Growing up, Lesli Linka Glatter’s Now and Then enjoyed a status on par with gospel. Written by Pretty Little Liars’ I. Marlene King, it gave voice to young women’s fears about growing up and apart from one’s friends, taking those questions just as seriously as the parallel themes of death and loss. And yet that’s the same movie TV Guide, of all places, dismissed as a “sappy, derivative girls' coming-of-age tale set in the groovy '70s.”
Karyn Kusama’s Jennifer’s Body is only now enjoying a cultural resurgence, a decade after James Berardinelli at Reel Views called it a “spectacular disaster,” and “the kind of thing a cat might bury in a litter box and still keep building the covering because the stench can't be smothered.” Ebert famously compared it to Twilight, ironically another movie skewered as benign despite its fresh take on a young woman’s sexual desire.
In her interviews to promote her adaptation of Little Women (snubbed by the Golden Globes and the SAG Awards last week despite glowing reviews), Greta Gerwig has been stressing the power of books to shape character. “The character of Jo March was my literary character. I didn’t know if I wanted to be like her because she was like me, or the inverse — like, I made myself like her,” she said during the 2019 Los Angeles Times’ Directors Roundtable. “When you’re young, there are books that get inside you and then they become part of your personal landscape of things that you feel belong to you.”
The same could be said for movies. At the age of 6 or 7, I was oblivious to the fact that Harriet the Spy had been directed by a woman, let alone that it was her feature directorial debut, and starred Queen Gerri from Succession (J.Smith Cameron) as Harriet’s social-climbing mom. All I knew was that as a curious, nosy little girl who wanted to write, the movie spoke to me on a very visceral level.
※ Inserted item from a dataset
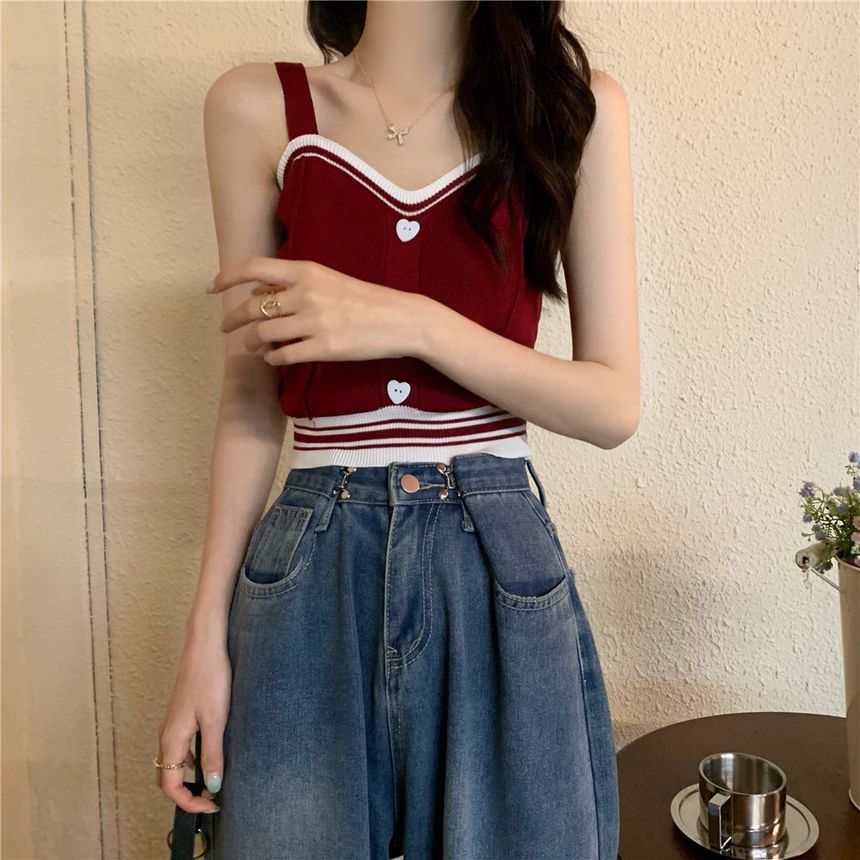 Allinya - Tweekleurige crop top met hartvormige knoopjes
It understood the concerns and minutiae of girlhood, and reflected those things back to me. I was so starved for a glimpse of myself on screen that I naturally gravitated towards these portrayals. That’s a powerful idea, and one that directly echoes Geena Davis’ famous mantra, “If she can see it, she can be it.”
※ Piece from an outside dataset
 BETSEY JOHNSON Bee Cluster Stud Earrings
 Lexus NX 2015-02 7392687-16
It’s important to note that in most cases, reviews aren’t evenly split by gender. Some male critics loved the movies I mentioned above, while some women critics hated them. Yes, the substance of their objections are often different, but not always. Women have always been part of the critical conversation, and overlooking their dissenting opinions and arguments is just another form of erasure. Likewise, to dismiss male opinions entirely is just as limiting as saying that movies about men aren’t for women. Criticism is an entirely subjective profession, one that is made more interesting by varied and layered perspectives, often in contradiction with one another. Calling for more diversity in criticism isn’t saying “men can’t understand movies about women,” but rather “women and people of color should be included in that conversation.” Not only does it make for a richer, more nuanced debate, it illuminates viewpoints that one might not have even thought of.
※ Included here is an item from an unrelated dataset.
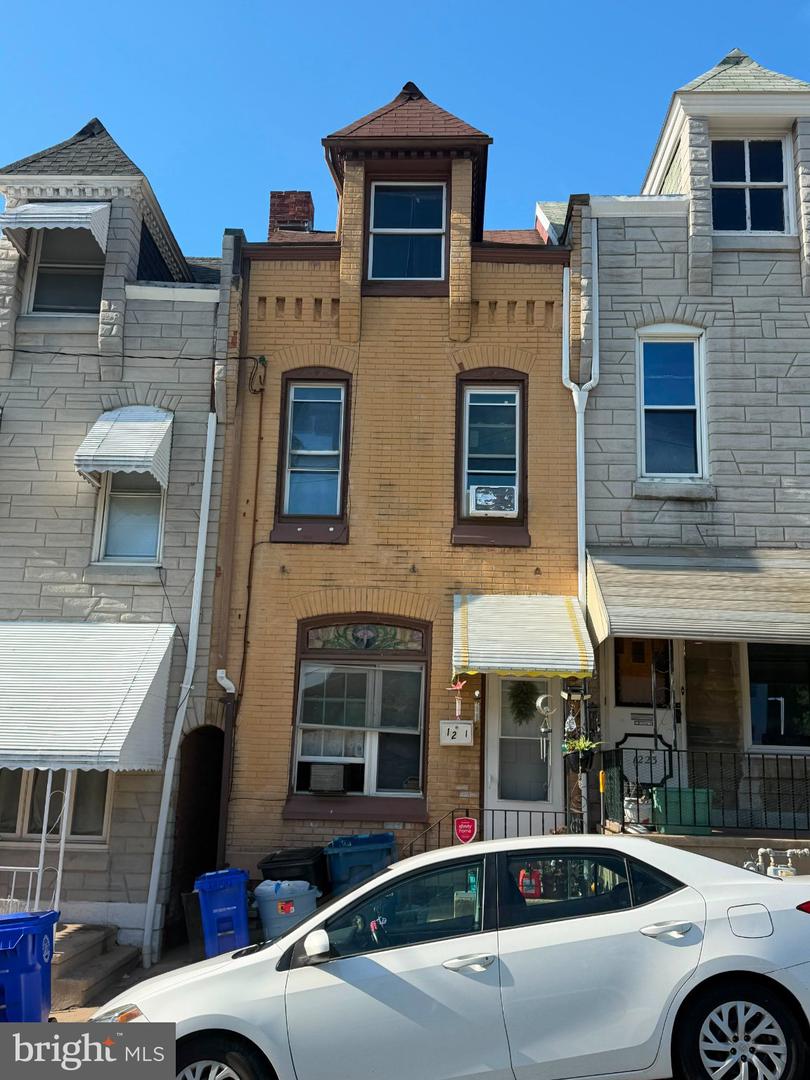 1221 Elm St — photo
“‘Who is this movie for?’ rules out the possibility of sympathetic imagination, the ability to empathize with a perspective other than one’s own, as the chief impulse behind artistic depiction and appreciation,” he wrote. “We negate the possibility of sympathetic imagination when we assume that someone’s particular affinity for a work of art will be dictated in advance by specifics of race, gender, and age. It’s not that those specifics aren’t factors. It’s that some have a tendency to mistake factors for absolutes.”
Still, it’s one thing to not appreciate a film based on subjective opinion. It’s another to underestimate what it might represent to people unused to seeing themselves on screen, or dismiss its intended audience entirely, as is often the case for movies directed at teenage girls.
This disconnect comes down to the fact that for a long time, white men have not been asked to identify with experiences other than their own.
“From a very early age, girls are expected to identify with male stories, but boys are never expected or asked to identify with female stories,” Beanie Feldstein told Refinery29 in 2017, when asked about the overwhelmingly positive reaction to Lady Bird. “Either girls don’t watch movies, or they watch movies about boys.”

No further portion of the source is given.